Diese Prozesse nehmen keine Rücksicht auf ungleich verteilte Ressourcen, Produktionsmittel oder Bildungschancen. Transformation und Globalisierung verstärken soziale, wirtschaftliche und politische Verwerfungen mit der Konsequenz schnell wachsender Konfliktpotentiale. Dabei besteht oft die Gefahr, dass diese gewaltförmig ausgetragen werden, wenn es nicht rechtzeitig gelingt, sie politisch zu regulieren. Immer mehr Staaten, die auf der Verliererseite der Transformationsprozesse stehen oder deren Eliten es dem Staatserhalt vorziehen, ihre Gesellschaften zum eigenen, privaten Nutzen auszubeuten, zerfallen mit der Konsequenz der Entstaatlichung und des Verlustes der staatlichen Kontrolle über die Gewaltmittel. Die private Kontrolle über Gewaltmittel gewinnt dagegen an Bedeutung, u.a. als Instrument der Privilegienabsicherung. Vielerorts verliert das staatliche Gewaltmonopol an Bedeutung. Der durch Globalisierung und Liberalisierung in seinen Handlungsmöglichkeiten bereits eingeschränkte Staat bekommt auch im Blick auf sein außen- und sicherheitspolitisches Handlungsinstrumentarium Konkurrenz durch nichtstaatliche Akteure (Terrorismus, Söldner, Privatarmeen). Während die Relevanz größerer zwischenstaatlicher Kriege derzeit abnimmt, gewinnen innerstaatliche und die sogenannten "kleinen Kriege" an Bedeutung. Diese erfassen oft alle Lebensbereiche und die gesamte Gesellschaft, die letztlich zu einer Kriegsgesellschaft retardiert, in der Erwerb, Sicherheit und Freiheit der Menschen von der Kriegführung bestimmt oder beeinflusst werden. Die Gewaltformen kleiner Kriege überlappen oft mit jenen von Terrorismus, Organisierter Kriminalität, privatisierter Gewalt und anderen asymmetrischen Formen der Gewaltausübung. Gewaltförmige Konfliktaustragung und Krieg werden zur Lebensform, in der die klare Unterscheidung von Zivilbevölkerung und Kombattanten nicht länger existiert, das humanitäre Kriegsvölkerrecht an Bedeutung und Bindungswirkung verliert.

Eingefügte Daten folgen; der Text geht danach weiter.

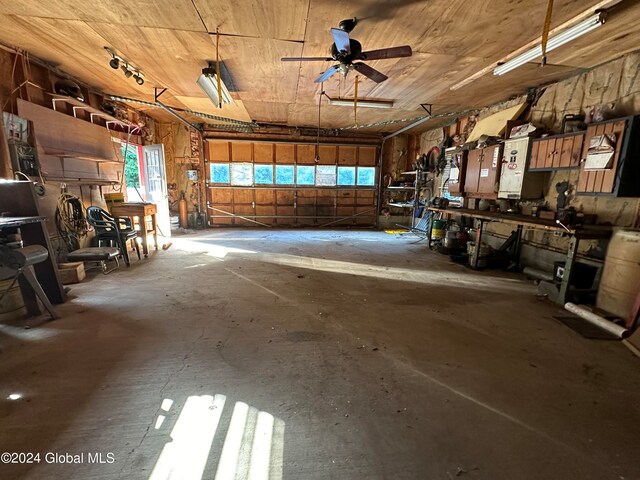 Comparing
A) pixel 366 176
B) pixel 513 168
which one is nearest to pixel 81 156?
pixel 513 168

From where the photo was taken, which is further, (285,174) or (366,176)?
(366,176)

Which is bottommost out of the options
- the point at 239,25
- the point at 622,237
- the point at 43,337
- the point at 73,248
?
the point at 43,337

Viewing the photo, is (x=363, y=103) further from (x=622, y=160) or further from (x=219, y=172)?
(x=219, y=172)

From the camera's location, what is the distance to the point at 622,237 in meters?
2.87

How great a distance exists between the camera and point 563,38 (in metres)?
2.85

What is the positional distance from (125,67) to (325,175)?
19.8 ft

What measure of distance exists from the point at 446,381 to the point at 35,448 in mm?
2379

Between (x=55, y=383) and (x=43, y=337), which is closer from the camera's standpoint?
(x=55, y=383)

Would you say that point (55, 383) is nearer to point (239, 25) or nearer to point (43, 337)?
point (43, 337)

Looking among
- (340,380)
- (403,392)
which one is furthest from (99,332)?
(403,392)

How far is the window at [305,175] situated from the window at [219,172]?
2276 mm

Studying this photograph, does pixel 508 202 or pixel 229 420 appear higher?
pixel 508 202

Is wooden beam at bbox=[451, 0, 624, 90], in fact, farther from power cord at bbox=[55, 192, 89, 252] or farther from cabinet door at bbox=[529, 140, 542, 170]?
power cord at bbox=[55, 192, 89, 252]

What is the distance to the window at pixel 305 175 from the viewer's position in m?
9.22
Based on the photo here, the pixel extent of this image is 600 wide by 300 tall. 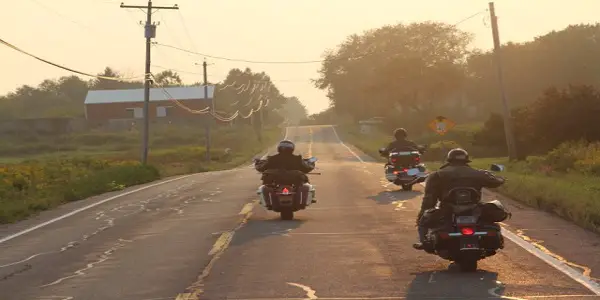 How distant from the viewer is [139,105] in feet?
420

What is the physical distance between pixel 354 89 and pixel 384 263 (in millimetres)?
133235

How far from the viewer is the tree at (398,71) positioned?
109438mm

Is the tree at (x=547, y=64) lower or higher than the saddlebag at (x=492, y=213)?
higher

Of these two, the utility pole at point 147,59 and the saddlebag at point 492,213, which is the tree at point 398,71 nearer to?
the utility pole at point 147,59

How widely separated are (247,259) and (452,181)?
335 cm

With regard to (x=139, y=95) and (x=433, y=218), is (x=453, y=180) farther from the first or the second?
(x=139, y=95)

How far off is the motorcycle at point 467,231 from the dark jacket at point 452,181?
0.13m

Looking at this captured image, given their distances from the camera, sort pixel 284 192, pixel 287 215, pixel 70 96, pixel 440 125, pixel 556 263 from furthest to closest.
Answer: pixel 70 96, pixel 440 125, pixel 287 215, pixel 284 192, pixel 556 263

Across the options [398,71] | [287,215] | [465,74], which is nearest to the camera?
[287,215]

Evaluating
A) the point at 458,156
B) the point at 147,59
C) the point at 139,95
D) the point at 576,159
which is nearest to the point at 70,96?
the point at 139,95

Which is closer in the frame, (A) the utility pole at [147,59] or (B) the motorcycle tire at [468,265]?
(B) the motorcycle tire at [468,265]

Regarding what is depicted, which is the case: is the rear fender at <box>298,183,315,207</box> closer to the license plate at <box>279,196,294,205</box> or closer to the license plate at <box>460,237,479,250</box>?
the license plate at <box>279,196,294,205</box>

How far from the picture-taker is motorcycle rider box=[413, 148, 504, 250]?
1162cm

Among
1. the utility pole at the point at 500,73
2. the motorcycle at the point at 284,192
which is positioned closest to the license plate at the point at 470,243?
the motorcycle at the point at 284,192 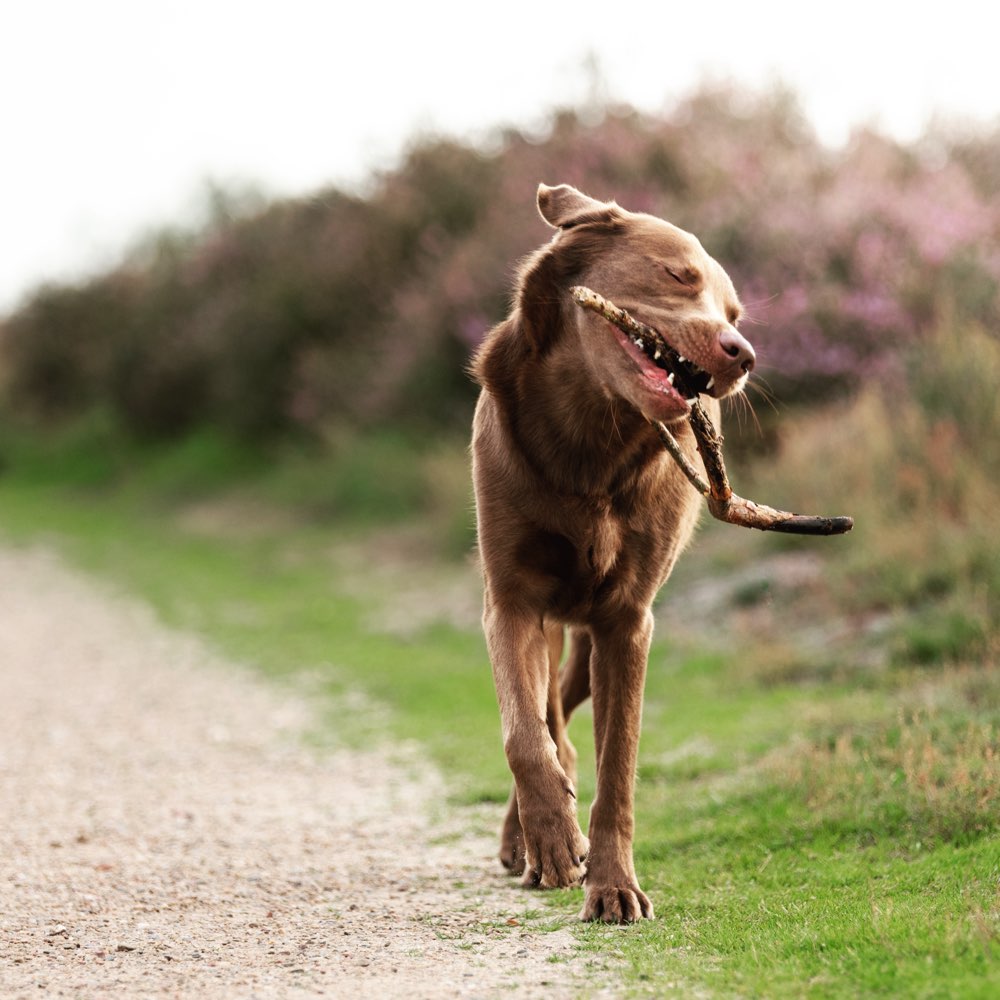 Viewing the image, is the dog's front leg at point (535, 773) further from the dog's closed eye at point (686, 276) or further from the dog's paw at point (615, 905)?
the dog's closed eye at point (686, 276)

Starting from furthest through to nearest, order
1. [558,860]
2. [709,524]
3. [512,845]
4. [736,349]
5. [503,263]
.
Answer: [503,263], [709,524], [512,845], [558,860], [736,349]

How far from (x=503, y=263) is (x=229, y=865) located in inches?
533

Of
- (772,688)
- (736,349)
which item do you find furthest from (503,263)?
(736,349)

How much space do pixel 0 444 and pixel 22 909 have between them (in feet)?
113

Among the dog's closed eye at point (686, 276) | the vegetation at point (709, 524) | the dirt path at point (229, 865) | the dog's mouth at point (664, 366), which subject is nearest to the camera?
the dirt path at point (229, 865)

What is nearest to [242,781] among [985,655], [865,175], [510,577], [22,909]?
[22,909]

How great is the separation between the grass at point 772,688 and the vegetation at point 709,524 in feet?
0.08

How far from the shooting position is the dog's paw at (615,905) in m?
4.44

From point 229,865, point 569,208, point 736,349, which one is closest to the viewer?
point 736,349

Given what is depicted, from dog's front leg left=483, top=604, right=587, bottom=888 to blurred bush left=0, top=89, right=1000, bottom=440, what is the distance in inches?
174

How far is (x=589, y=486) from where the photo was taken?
4.71m

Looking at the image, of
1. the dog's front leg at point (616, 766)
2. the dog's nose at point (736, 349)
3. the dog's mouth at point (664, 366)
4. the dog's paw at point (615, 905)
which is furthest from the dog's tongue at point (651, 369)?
the dog's paw at point (615, 905)

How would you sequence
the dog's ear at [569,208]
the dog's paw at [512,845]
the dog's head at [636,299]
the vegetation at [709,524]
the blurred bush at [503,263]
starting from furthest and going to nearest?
the blurred bush at [503,263] → the dog's paw at [512,845] → the vegetation at [709,524] → the dog's ear at [569,208] → the dog's head at [636,299]

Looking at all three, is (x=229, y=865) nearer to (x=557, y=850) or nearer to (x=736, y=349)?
(x=557, y=850)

Die mit kleinen Kriegen verbundene Ökonomisierung des Krieges verstärkt Not, Gewalt und Unfreiheit gleichermaßen und unterbindet damit oft alle Chancen zu demokratischer, politischer, wirtschaftlicher und kultureller Entwicklung - die wirksamste Prävention gegen Krieg.

Die Deregulierung internationaler Ordnung von unten, durch den Zerfall der Schwachen, schreitet fort. Auf sie mit einer Deregulierung internationaler Ordnung von oben, durch die Starken zu antworten, wie dies die Administration George W. Bushs tut, vergrößert höchstwahrscheinlich nur die den Konflikten zu Grunde liegenden Probleme und verknappt die Ressourcen, mit denen eine kooperative Weltordnung gestaltet, Krisen vorgebeugt und Konfliktaustragung zivilisiert werden kann. Denn: Das Recht der wenigen Starken würde gestärkt und die Schutzwirkung des Rechtes für die Schwachen würde erodieren. Mithin - auch zu einer verstärkten Verrechtlichung der internationalen Beziehungen gibt es angesichts der Charakteristika der zu Beginn dieses Beitrages diskutierten Risiken kaum eine friedenspolitisch akzeptable Alternative.

Sicherheitspolitik wird damit immer mehr zu einer Gestaltungsaufgabe. Weltordnung muss in all ihren Dimensionen - von der Rechtsordnung über die Wirtschafts- und Sozialordnung bis zur politischen Ordnung - gestaltet werden. Aufgabe muss es sein, eine Friedensordnung zu gestalten. Frieden als Zustand, als Abwesenheit von Krieg, zu verstehen, wäre dabei verkürzend, ja falsch. Friedenspolitik sollte daher mit Hans-Georg Picht als ein Prozess verstanden werden, der das ständig neue Bemühen umfasst, die Einflüsse und Wirkungen jener Faktoren zu mindern, die zu gewaltsam ausgetragenen Konflikten führen und beitragen: Unfreiheit, Not und Gewalt. Ob Friedenspolitik erfolgreich praktiziert wird, ergibt sich aus der Gesamtschau der Faktoren, dem Ergebnis aller Dimensionen friedenspolitischen Handelns. Als Vision kann die Herausbildung einer neuen internationalen Ordnung dienen, die nach menschenrechtlichen, ökologischen, sozialen, demokratischen, friedlichen und freiheitlichen Maßstäben gestaltet wird. Ressortübergreifende Zusammenarbeit, die Verzahnung und Integration aller außen- und sicherheitspolitischen Wirkmittel und Instrumente zu einer "Sicherheitspolitik aus einem Guss" ist dafür die eine wesentliche Voraussetzung. Zu diesen Gestaltungsmitteln gehören u.a. humanitäre Hilfe, Sanktionen, Entwicklungspolitik, Außenwirtschaftspolitik, internationale Finanzpolitik, Rüstungsexportpolitik, Diplomatie, Rüstungskontrolle und Nichtverbreitung, aber auch die heutigen Mittel des zivilen und militärischen Krisenmanagements. All diese Instrumente "sollten derselben Agenda folgen. In einer Krise ist eine einheitliche Führung durch nichts zu ersetzen", so bemerkte Javier Solana in seinem Entwurf der Europäischen Sicherheitsstrategie zurecht.27 Zusätzlich erforderlich ist die Bereitschaft und Fähigkeit zu multinationaler Kooperation, zunehmender Verrechtlichung, Stärkung multilateraler Institutionen und damit die Bereitschaft gerade der Starken oder Stärkeren zu freiwilliger Selbstbeschränkung.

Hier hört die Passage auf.